— Work to be completed —
Exactly the lines from the one with "Gracie Skirt in Totem" to the end of the entries should appear in your answer, retyped word for word.

— Supplied information —

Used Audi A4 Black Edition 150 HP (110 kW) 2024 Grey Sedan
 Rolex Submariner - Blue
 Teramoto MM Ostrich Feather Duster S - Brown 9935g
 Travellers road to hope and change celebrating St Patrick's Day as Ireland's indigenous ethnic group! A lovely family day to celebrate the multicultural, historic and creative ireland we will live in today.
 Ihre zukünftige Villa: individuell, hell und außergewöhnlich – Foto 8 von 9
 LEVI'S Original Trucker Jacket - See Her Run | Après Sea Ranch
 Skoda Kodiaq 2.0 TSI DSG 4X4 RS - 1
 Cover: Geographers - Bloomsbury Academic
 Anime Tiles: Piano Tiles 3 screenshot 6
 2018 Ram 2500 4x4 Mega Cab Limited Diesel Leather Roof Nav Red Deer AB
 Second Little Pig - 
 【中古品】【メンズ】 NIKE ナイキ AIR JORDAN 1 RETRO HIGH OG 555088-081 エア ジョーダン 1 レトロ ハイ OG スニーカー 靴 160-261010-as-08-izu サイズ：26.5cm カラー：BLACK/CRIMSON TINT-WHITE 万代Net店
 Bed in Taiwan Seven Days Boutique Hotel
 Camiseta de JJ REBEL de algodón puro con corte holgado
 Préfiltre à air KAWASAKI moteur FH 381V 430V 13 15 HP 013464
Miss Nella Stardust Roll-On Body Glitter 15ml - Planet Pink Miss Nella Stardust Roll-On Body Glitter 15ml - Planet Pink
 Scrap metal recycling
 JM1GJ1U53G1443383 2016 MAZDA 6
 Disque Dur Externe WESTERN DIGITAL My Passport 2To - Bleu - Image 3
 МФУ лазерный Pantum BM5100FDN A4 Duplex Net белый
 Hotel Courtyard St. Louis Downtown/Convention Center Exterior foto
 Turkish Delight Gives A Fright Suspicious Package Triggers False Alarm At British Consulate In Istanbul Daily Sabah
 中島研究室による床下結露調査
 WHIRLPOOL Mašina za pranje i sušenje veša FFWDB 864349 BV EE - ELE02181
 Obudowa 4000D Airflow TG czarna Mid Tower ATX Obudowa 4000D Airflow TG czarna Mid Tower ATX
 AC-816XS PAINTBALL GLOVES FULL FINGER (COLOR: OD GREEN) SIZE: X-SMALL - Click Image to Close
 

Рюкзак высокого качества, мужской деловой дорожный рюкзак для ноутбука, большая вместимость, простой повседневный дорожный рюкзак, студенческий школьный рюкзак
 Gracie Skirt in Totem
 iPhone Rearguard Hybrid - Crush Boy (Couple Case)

— Problem solution —
 Gracie Skirt in Totem
 iPhone Rearguard Hybrid - Crush Boy (Couple Case)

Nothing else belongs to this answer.